La chronique de Bertrand Rakoto, analyste indépendant dans l’intelligence de marché et auteur du livre "La désincarnation des grandes organisations". Après plusieurs années dans l’automobile, entre autres chez RL Polk, et après avoir eu un cabinet d’analyse en France (D3 intelligence) il est désormais basé aux Etats-Unis où il poursuit son activité depuis Détroit

Vous l’avez appris dans Autoactu au début de la semaine, Ferdinand Piëch est décédé brutalement dimanche dernier à 82 ans. Celui qui a consacré sa vie à son œuvre aura tout de même survécu 4 ans à sa retraite (forcée). Certains hommes ont du mal à partir et subissent leur départ comme l’amorce d’un déclin. Ce n’était visiblement pas le cas de cet homme qui pilotait encore récemment sa Porsche 918 sur circuit.
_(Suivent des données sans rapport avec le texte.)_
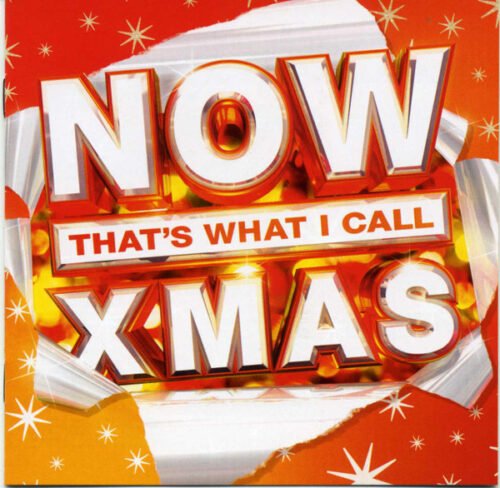 Various - Now That's What I Call Xmas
Mais alors, pourquoi est-ce que je parle d’œuvre et non d’héritage comme pour Sergio Marchionne ou Lee Iacocca ? Tout simplement parce que Ferdinand Piëch a créé un empire, complexe et puissant mais il n’a pas nécessairement été l’homme qui aura le plus influencé le reste de la production automobile. Sergio Marchionne était un architecte financier et il a ouvert une voie, suivi par certains, en matière de gestion des grands groupes. Lee Iacocca a su innover en matière de produit et surtout il était un meneur d’hommes qui a influencé au-delà de Ford et de Chrysler. Ferdinand Piëch était un ingénieur brillant et un entrepreneur audacieux qui a su partir d’une petite marque sans perspective pour en faire un géant mondial.

L’ingénieur
Ferdinand Piëch était le petit-fils de Ferdinand Porsche, autant dire que l’automobile était dans ses gènes. Mais si un tel héritage ouvre des portes, il oblige également à prouver sa légitimité. Avoir un nom est une chose, se faire un prénom en est une autre. Il est entré chez Porsche en 1963, l’année où son cousin Ferdinand Alexander Porsche, dit Butzi, lançait la remplaçante du modèle 356, la Porsche 911.

L’image était déjà favorable chez les amateurs et les passionnés et Porsche s’illustrait en compétition. C’est dans ce département que Ferdinand Piëch fit ses armes et qu’il ferait naître la Porche 917, un modèle destiné au Mans et aux courses d’endurance. Mais pour ce projet, l’ingénieur englouti les deux tiers du budget compétition de la marque. Cette gestion audacieuse lui aura attiré les foudres de la famille qui le pousse dehors en 1971. Ferdinand Piëch se dirige alors vers le produit mais la compétition l’animera tout au long de sa carrière, à la fois dans le sport automobile et dans sa gestion industrielle. Par sa participation dans le projet 917 en tant qu’ingénieur, ce modèle est le témoignage le plus mythique de l’attrait de Ferdinand Piëch pour la course automobile. Pour autant, Ferdinand Piëch a su porter d’autres projets audacieux dans la compétition comme les nombreuses victoires d’Audi au Mans ainsi que les récentes victoires de Porsche et de Bentley ou encore les coupés "Ur-Quattro" qui ont imposé les 4 roues motrices dans le rallye et remporté plusieurs championnats.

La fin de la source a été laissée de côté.